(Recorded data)
= Beginning of Section =
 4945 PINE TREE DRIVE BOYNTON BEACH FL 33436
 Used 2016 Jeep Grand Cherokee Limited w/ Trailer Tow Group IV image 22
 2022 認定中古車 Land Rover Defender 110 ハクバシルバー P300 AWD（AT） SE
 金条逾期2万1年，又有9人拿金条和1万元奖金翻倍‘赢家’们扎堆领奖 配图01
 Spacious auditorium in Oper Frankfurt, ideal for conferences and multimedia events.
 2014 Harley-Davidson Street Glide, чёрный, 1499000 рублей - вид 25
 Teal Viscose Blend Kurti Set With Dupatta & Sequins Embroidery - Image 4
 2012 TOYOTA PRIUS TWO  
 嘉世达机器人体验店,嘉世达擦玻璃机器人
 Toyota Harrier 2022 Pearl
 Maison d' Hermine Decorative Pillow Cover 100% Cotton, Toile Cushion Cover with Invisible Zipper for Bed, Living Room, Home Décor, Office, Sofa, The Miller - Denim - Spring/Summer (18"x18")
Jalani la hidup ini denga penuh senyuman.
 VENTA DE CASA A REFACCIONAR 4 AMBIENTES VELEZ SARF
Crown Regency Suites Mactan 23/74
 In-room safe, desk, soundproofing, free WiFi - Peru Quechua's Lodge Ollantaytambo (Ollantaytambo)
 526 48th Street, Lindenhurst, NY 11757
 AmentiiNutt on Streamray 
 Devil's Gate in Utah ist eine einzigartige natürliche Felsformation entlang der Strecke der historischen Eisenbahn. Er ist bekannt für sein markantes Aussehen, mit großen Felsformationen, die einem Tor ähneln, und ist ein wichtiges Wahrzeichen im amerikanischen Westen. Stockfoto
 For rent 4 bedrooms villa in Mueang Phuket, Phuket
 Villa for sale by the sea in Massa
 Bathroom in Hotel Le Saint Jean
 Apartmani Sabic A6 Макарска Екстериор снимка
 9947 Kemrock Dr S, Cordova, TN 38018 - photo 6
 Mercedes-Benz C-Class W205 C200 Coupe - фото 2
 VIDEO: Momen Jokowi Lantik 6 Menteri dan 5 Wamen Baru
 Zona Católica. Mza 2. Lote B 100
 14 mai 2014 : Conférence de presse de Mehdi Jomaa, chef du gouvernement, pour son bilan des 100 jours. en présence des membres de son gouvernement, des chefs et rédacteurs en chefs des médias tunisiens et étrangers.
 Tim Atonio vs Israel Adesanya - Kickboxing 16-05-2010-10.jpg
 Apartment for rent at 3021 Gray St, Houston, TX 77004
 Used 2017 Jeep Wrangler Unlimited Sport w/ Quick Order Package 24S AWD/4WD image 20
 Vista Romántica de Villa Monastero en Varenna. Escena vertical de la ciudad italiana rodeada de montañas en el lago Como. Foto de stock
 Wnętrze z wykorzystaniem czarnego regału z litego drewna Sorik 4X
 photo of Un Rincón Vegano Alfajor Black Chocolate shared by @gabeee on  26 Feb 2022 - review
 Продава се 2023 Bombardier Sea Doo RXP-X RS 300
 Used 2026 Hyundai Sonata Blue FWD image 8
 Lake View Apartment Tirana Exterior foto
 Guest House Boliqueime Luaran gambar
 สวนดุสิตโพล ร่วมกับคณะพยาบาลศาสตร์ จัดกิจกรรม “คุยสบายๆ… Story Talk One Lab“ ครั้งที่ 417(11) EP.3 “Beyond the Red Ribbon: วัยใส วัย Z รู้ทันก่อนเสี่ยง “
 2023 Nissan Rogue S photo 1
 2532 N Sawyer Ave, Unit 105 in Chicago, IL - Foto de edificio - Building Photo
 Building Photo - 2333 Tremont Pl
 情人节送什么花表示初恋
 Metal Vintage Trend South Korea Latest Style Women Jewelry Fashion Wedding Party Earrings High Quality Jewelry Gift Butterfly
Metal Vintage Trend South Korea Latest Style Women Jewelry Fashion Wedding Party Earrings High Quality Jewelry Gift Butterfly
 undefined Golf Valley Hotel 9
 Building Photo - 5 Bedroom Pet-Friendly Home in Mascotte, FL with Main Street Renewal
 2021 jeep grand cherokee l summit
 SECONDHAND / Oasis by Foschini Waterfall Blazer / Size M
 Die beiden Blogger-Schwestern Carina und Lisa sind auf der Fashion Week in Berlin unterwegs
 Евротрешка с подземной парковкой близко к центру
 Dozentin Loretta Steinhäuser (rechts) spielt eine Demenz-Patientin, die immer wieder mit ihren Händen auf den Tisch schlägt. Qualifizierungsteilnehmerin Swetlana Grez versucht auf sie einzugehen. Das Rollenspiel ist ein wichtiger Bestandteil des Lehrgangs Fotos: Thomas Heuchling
= End of Section =
**BRIEF**.
All that is wanted is a faithful reproduction of the line above with "Devil's Gate in", the line with "VIDEO: Momen Jokowi", and every line in between.

**ANSWER SECTION**.
 Devil's Gate in Utah ist eine einzigartige natürliche Felsformation entlang der Strecke der historischen Eisenbahn. Er ist bekannt für sein markantes Aussehen, mit großen Felsformationen, die einem Tor ähneln, und ist ein wichtiges Wahrzeichen im amerikanischen Westen. Stockfoto
 For rent 4 bedrooms villa in Mueang Phuket, Phuket
 Villa for sale by the sea in Massa
 Bathroom in Hotel Le Saint Jean
 Apartmani Sabic A6 Макарска Екстериор снимка
 9947 Kemrock Dr S, Cordova, TN 38018 - photo 6
 Mercedes-Benz C-Class W205 C200 Coupe - фото 2
 VIDEO: Momen Jokowi Lantik 6 Menteri dan 5 Wamen Baru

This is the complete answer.